Paragraph counter

I have a text file and I wrote a script for Linux where it counts all the characters (with spaces) the number of lines and words. I also have to write something that counts the number of paragraphs but I don't know how. If anyone could help me I would really appreciate it.

This is my script:

#!/bin/bash

is_text_file() {
  if [[ $(grep -c -P '[\x01-\x7F]' "$1") -gt 0 ]]; then
    return 0
  else
    return 1
  fi
}

if [ $# -lt 2 ]; then
  echo "Usage: $0 -file FILE_PATH [-occurrences NUMBER]"
  exit 1
fi

while [ "$#" -gt 0 ]; do
  case "$1" in
    -file)
      file="$2"
      shift 2
      ;;
    -occurrences)
      occurrences="$2"
      shift 2
      ;;
    *)
      echo "Invalid flag: $1"
      exit 1
      ;;
  esac
done

if ! is_text_file "$file"; then
  echo "The specified file is not a text file."
  exit 1
fi

word_count=$(cat "$file" | tr -s '[:space:]' '\n' | wc -w)
line_count=$(cat "$file" | grep -c '^')
character_count=$(cat "$file" | wc -c)
paragraph_count=$(awk 'BEGIN { RS = "" } { print NF }' "$file")

echo "Word count: $word_count"
echo "Line count: $line_count"
echo "Character count: $character_count"
echo "Paragraph count: $paragraph_count"

if [ -n "$occurrences" ]; then
  echo "Most frequent words:"
  cat "$file" | tr -s '[:space:]' '\n' | tr -d '[:punct:]' | tr '[:upper:]' '[:lower:]' | sort | uniq -c | sort -nr | head -n "$occurrences"
fi

This is my text file:

This is a sample text file.  
It contains some words and paragraphs.

Feel free to add more, content for testing.

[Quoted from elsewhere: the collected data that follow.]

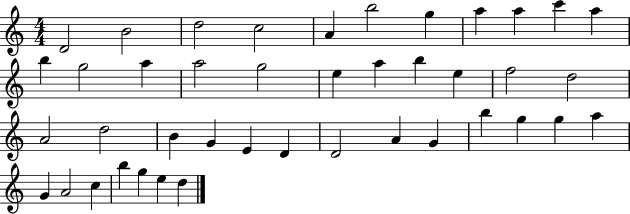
{
  \clef treble
  \numericTimeSignature
  \time 4/4
  \key c \major
  d'2 b'2 | d''2 c''2 | a'4 b''2 g''4 | a''4 a''4 c'''4 a''4 | \break b''4 g''2 a''4 | a''2 g''2 | e''4 a''4 b''4 e''4 | f''2 d''2 | \break a'2 d''2 | b'4 g'4 e'4 d'4 | d'2 a'4 g'4 | b''4 g''4 g''4 a''4 | \break g'4 a'2 c''4 | b''4 g''4 e''4 d''4 | \bar "|."
}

It should say that there are 2 paragraphs, but it says 1.

Solution

I appears you may have DOS line endings. That will interfere with using awk in paragraph mode which is the easist way to solve your issue.

Given:

$ printf "This is a sample text file.\r\nIt contains some words and paragraphs.\r\n\r\nFeel free to add more, content for testing.">file

You can use GNU awk or a recent awk that supports more than one character for a record separator:

$ awk 'BEGIN{RS="\r?\n(\r?\n)+"} END{print NR}' file

(Note: Setting RS="\r?\n(\r?\n)+" is not the same as RS="" See here and here)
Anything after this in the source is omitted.